Capricious twists of fate put certain fighters on the doomed LOT jetliner—and left certain others off. The Americans were scheduled to fight in Katowice and Cracow and heavyweight Kelvin Anderson of Hartford was along only because he had failed to obtain a visa in time to make an alternate trip to East Germany. Flyweight George Pimentel made the trip after having lost a controversial decision in the semifinals of New York's Golden Gloves tournament; had he won, he would have stayed home to fight in the finals. On the other hand, Houston's Ronnie Shields passed up the trip because he had the flu, while heavyweight Marvis Frazier skipped it because the bouts in Poland didn't fit in with the career plans his dad, Joe, has carefully mapped out for him. Another heavyweight, Jimmy Clark, was delayed visiting relatives and missed the flight.
The 14 fighters who wound up aboard the jetliner when it departed JFK airport were neither the U.S. boxing team, as first reports had it, nor the collection of second-stringers that subsequent accounts made them out to be. Six of them were teen-agers and Bob Surkein, the AAU boxing chairman, said of them, "They were just babies.
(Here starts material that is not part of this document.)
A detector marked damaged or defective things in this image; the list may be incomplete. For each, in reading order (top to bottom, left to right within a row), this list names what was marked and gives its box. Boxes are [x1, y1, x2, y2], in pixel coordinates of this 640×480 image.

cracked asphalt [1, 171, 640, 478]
They got sweat suits with USA on them, and they wore them all over the country like the proud kids they were." But 23-year-old Lemuel Steeples, who won a gold medal at last summer's Pan American Games, was on the team, as were several others of proved or potential Olympic caliber.
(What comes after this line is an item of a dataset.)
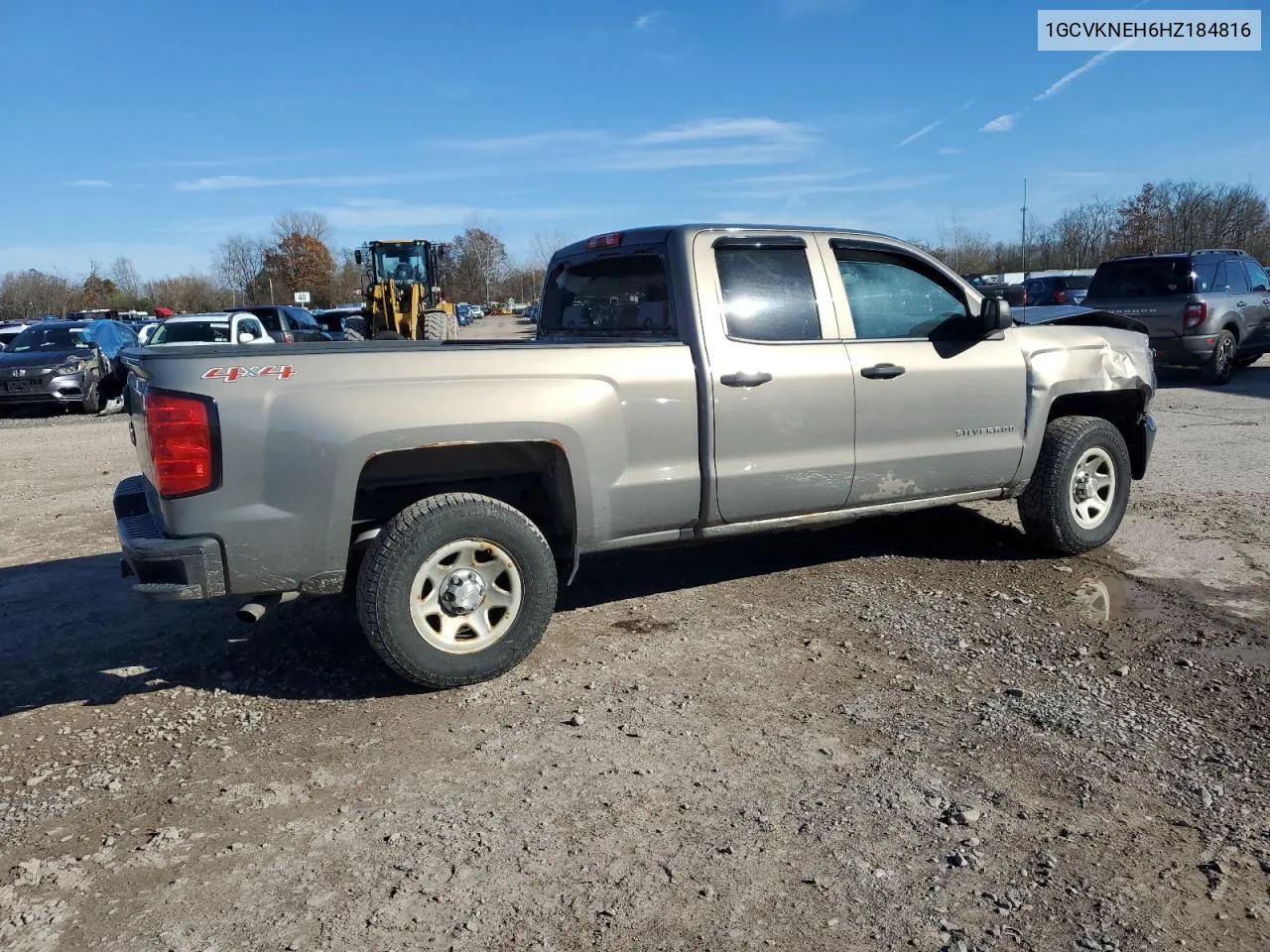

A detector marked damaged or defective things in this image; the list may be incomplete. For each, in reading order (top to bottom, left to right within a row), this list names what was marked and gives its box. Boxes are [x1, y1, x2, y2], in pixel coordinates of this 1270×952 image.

dented body panel [114, 223, 1158, 599]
The team's coach was Tom (Sarge) Johnson, a retired Army master sergeant who lived in Indianapolis. The 58-year-old Johnson was a good-natured man who made young boxers feel at ease in his company while still commanding their respect. "He liked to joke and laugh, but when he was serious, you'd better pay attention," Sonny Long, a flyweight who once trained under him, recalls. Johnson was an assistant coach of the U.S. team at the 1976 Olympics that produced five gold medalists, one of whom, Sugar Ray Leonard, said last week, "Sarge was just beginning to get the recognition he deserved. He was really the one who put together those five gold medals."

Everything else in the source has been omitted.